Toen De Ruyter van Steveninck op 8 augustus 1944 bij Courseulles-sur-Mer weer voet op het Europese vasteland zette, stonden de geallieerden aan de vooravond van hun uitbraak uit het bruggehoofd in Normandië. Hij leidde de brigade tijdens de opmars naar de Seine en vandaar verder noordwaarts. In de nachtelijke uren van 20 op 21 september 1944 overschreed hij met zijn manschappen ten zuiden van Valkenswaard de Nederlandse grens. De brigade voerde op dat moment flankbeveiligingsopdrachten uit in het kader van de operatie 'Market Garden'. Nadat deze poging om de bruggen in Noord-Brabant en het Gelderse rivierengebied te veroveren niet het gewenste succes had gebracht, verplaatste De Ruyter van Steveninck, op bevel van het Britse 2e Leger, zijn troepen naar de Zeeuwse eilanden. Hier verrichtten zij gedurende de winter beveiligingsdiensten, totdat zij in het voorjaar van 1945 weer naar Noord-Brabant werden gedirigeerd.

Na de ontbinding van de Irene-brigade op 13 juli 1945 in Den Haag, werd De Ruyter van Steveninck benoemd tot waarnemend bevelhebber der Nederlandsche Strijdkrachten en met ingang van 19 november 1945 tot commandant Divisie A, een administratieve eenheid waarin verschillende troepenonderdelen tijdelijk werden ondergebracht en zo nodig opgeleid.
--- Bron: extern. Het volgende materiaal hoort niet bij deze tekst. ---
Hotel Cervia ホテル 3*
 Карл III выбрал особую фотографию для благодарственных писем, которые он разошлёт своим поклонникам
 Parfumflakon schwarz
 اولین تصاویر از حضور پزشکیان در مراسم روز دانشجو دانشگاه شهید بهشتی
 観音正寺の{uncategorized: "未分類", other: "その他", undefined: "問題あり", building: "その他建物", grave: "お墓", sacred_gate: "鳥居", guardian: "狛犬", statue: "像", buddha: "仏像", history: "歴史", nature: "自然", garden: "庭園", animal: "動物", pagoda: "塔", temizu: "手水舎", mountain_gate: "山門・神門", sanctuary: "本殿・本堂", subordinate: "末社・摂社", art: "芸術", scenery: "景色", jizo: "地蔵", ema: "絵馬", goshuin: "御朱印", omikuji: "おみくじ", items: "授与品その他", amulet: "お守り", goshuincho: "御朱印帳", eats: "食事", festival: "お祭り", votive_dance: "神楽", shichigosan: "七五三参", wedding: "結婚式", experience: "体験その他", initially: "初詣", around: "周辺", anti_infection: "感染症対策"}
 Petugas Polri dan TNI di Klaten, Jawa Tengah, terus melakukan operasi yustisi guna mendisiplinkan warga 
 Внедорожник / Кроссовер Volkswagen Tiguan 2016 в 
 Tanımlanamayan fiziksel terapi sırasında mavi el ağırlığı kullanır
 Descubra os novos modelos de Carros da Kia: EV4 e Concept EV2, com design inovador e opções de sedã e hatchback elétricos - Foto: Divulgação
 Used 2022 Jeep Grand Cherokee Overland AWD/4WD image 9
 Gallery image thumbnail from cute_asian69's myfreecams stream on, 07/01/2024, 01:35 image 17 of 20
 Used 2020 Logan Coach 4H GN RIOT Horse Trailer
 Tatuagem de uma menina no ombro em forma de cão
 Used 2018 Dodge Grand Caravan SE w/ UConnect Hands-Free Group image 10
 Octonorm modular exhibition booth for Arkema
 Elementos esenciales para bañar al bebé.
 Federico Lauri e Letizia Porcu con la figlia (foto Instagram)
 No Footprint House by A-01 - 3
In deze functies was De Ruyter van Steveninck enige tijd betrokken bij de wederopbouw van de Koninklijke Landmacht. Op 22 juli 1946 nam hij, juist bevorderd tot kolonel, zitting in het Hoog Militair Gerechtshof, waarmee een uitdrukkelijke wens van hem in vervulling ging. Op 22 maart 1949, kort voor zijn overlijden, volgde de bevordering tot generaal-majoor.

De Nederlandse regering in ballingschap had de Irene-brigade gevormd omdat het politiek wenselijk was met eigen troepen aan de bevrijding van het moederland bij te dragen. De betekenis van De Ruyter van Steveninck is geweest dat hij uit het zeer heterogene mensenmateriaal waaruit de brigade aanvankelijk bestond een gevechtseenheid heeft gesmeed die tot dit doel kon dienen. Bovendien was dank zij zijn inspanningen direct na de bevrijding modern opgeleid en ervaren personeel beschikbaar voor de encadrering van de belangrijkste wapentechnische opleidingen van het leger in oprichting.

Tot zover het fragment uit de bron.